* **Information shown**:
BEGIN

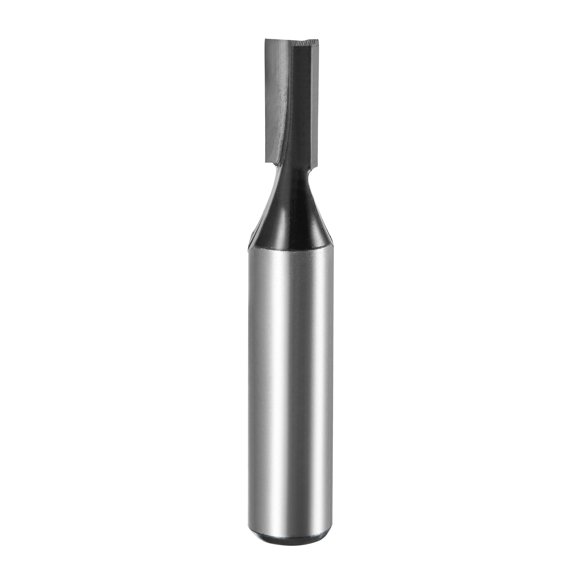 5mm Dia 8mm Shank Bottom Cleaning Router Bit 2 Flutes Carbide Tipped Cutter Uncoated for Woodworking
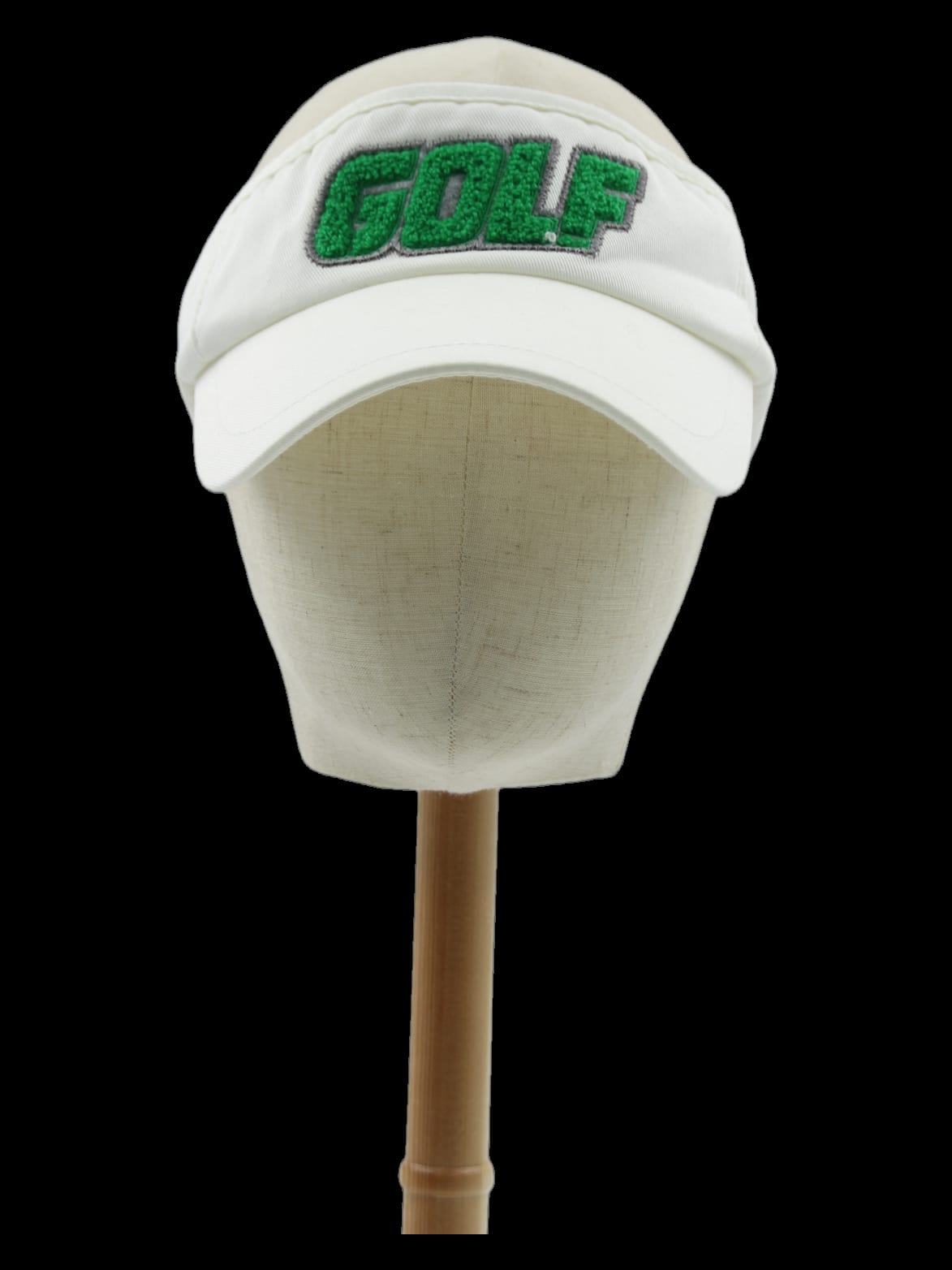 화이트 GOLF 자수 썬바이저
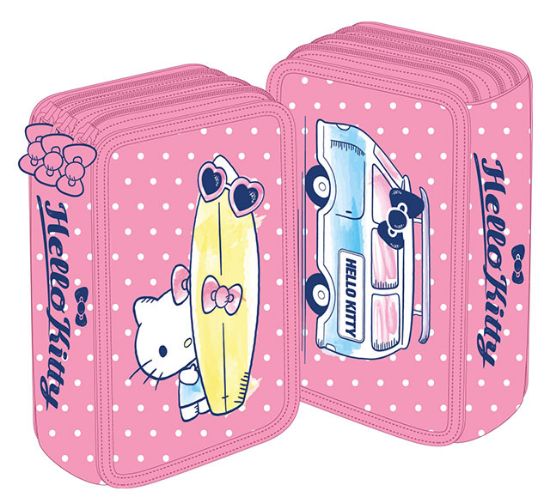 Poza cu PENAR NEECHIPAT 3 FERMOARE HELLO KITTY ROZ DOTS PIGNA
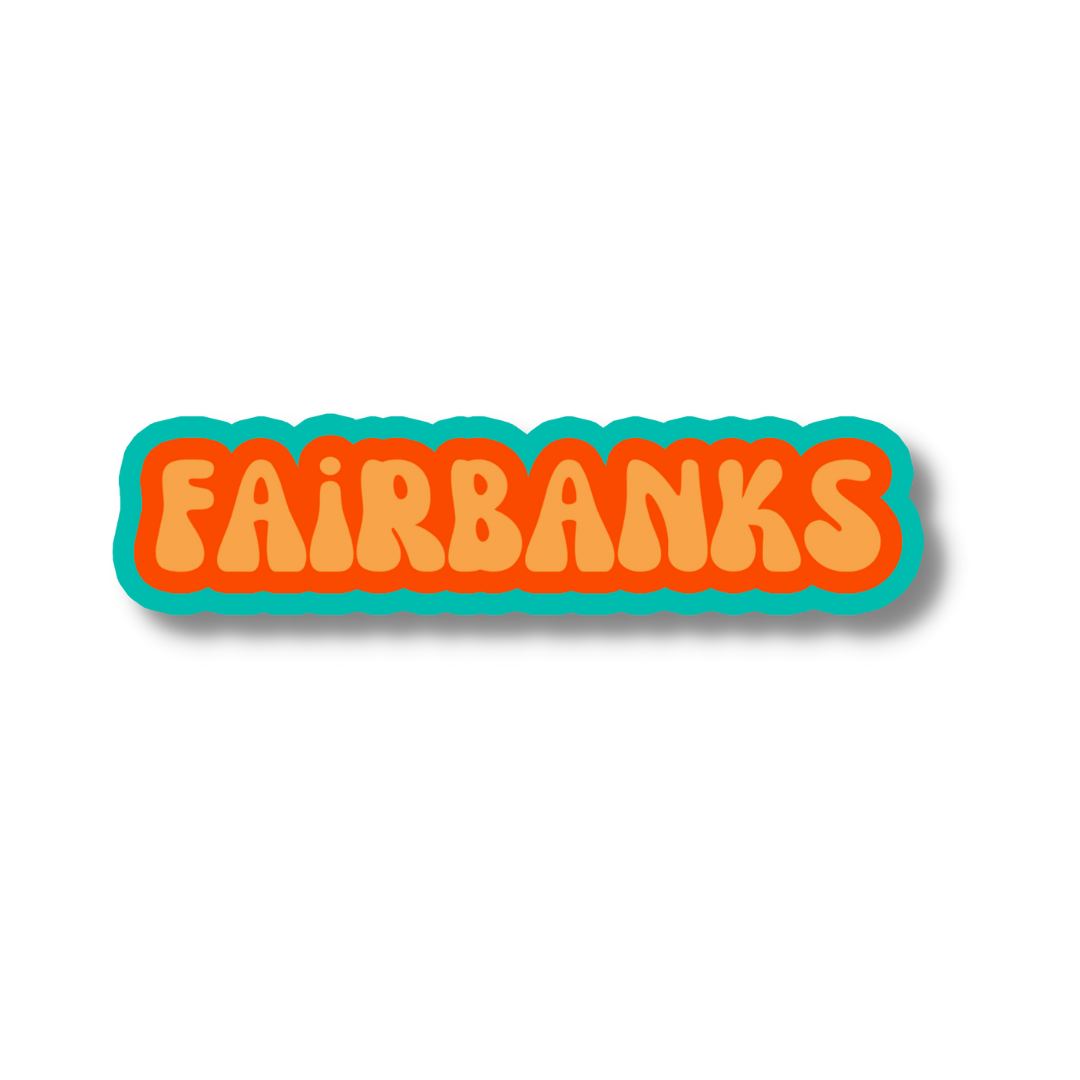 Fairbanks Cloud Sticker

END

* **The task**: Once the pictures are set aside, give the rest of the listing again exactly.

* **Answer below**:
 5mm Dia 8mm Shank Bottom Cleaning Router Bit 2 Flutes Carbide Tipped Cutter Uncoated for Woodworking
 화이트 GOLF 자수 썬바이저
 Poza cu PENAR NEECHIPAT 3 FERMOARE HELLO KITTY ROZ DOTS PIGNA
 Fairbanks Cloud Sticker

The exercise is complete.